┏━━

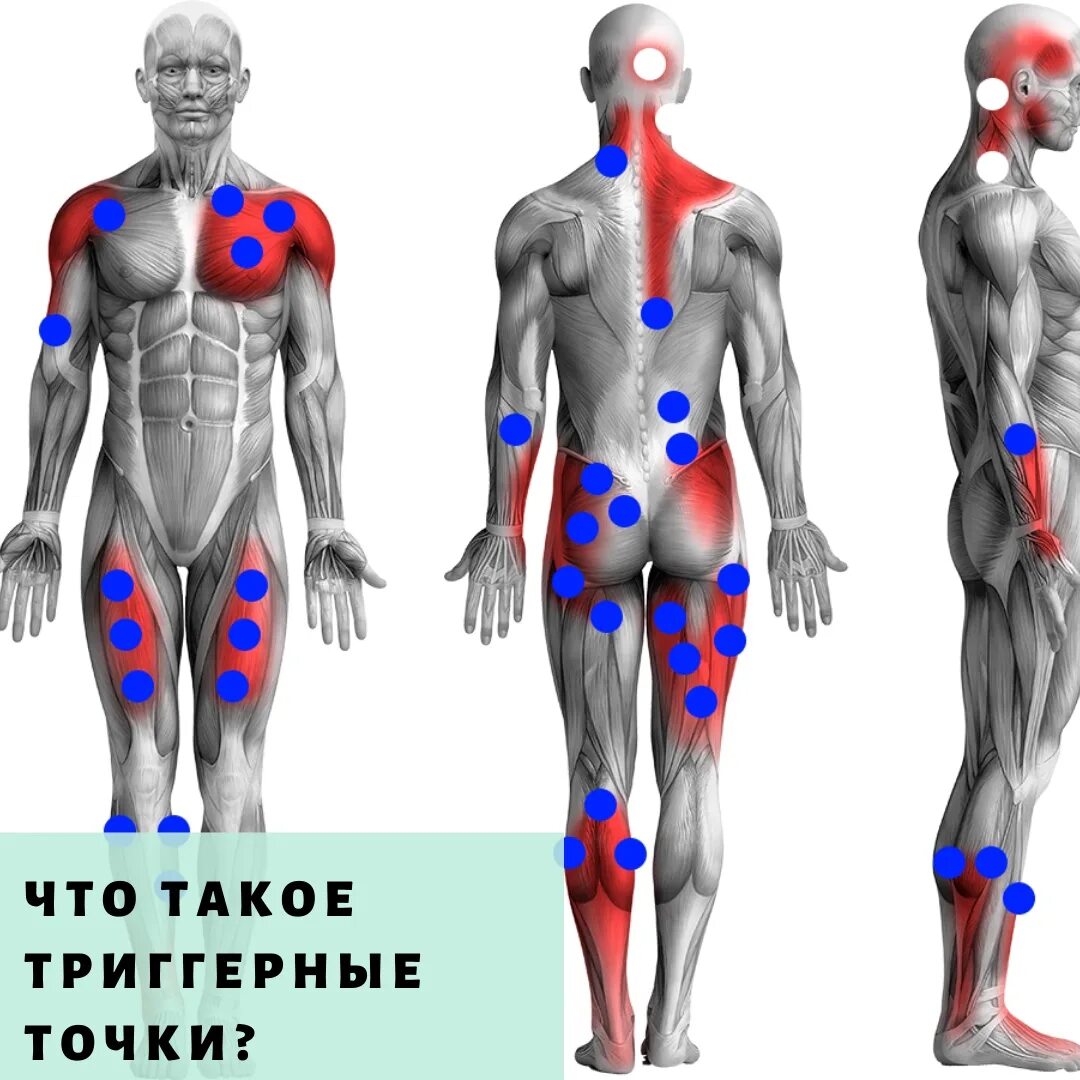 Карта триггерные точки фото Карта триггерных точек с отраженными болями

┗━━
┏━━

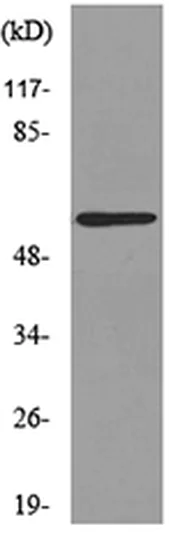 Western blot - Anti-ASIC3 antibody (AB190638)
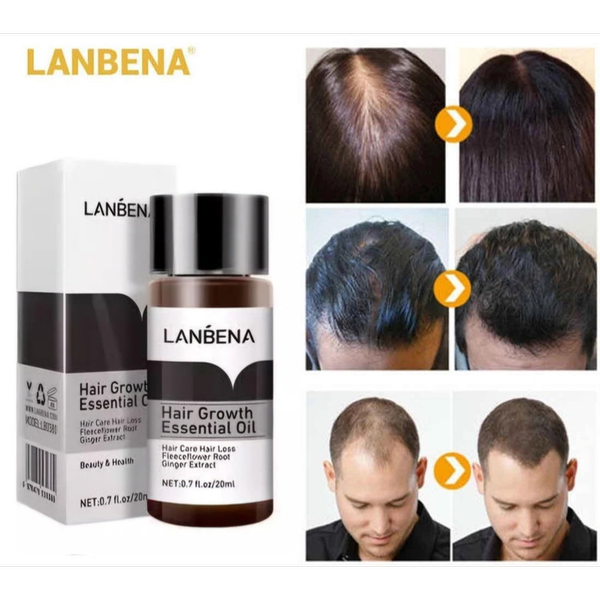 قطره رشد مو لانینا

┗━━
┏━━

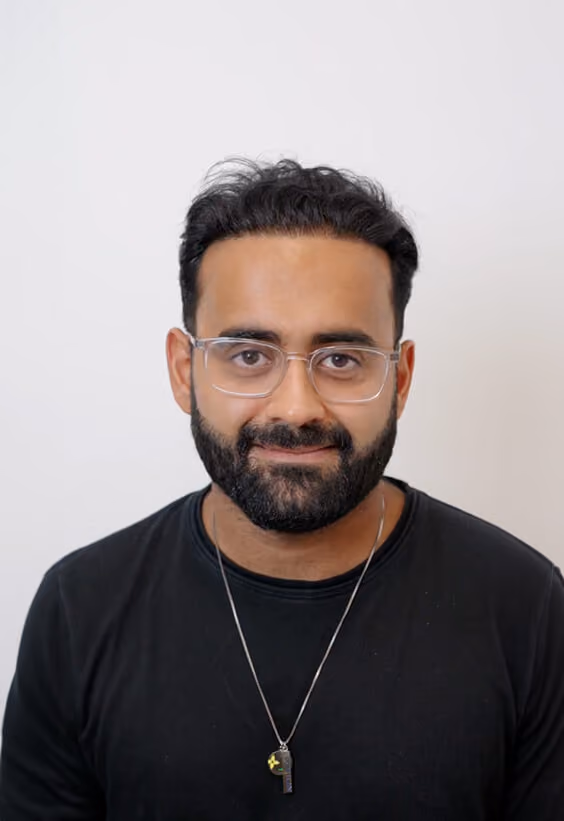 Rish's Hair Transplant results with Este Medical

┗━━

EXERCISE INSTRUCTIONS →
From the listing above, restate verbatim the lines running from the one with "Western blot - Anti-ASIC3" through the one with "قطره رشد مو لانینا", inclusive, but not the pictures.

SOLVED EXERCISE →
 Western blot - Anti-ASIC3 antibody (AB190638)
 قطره رشد مو لانینا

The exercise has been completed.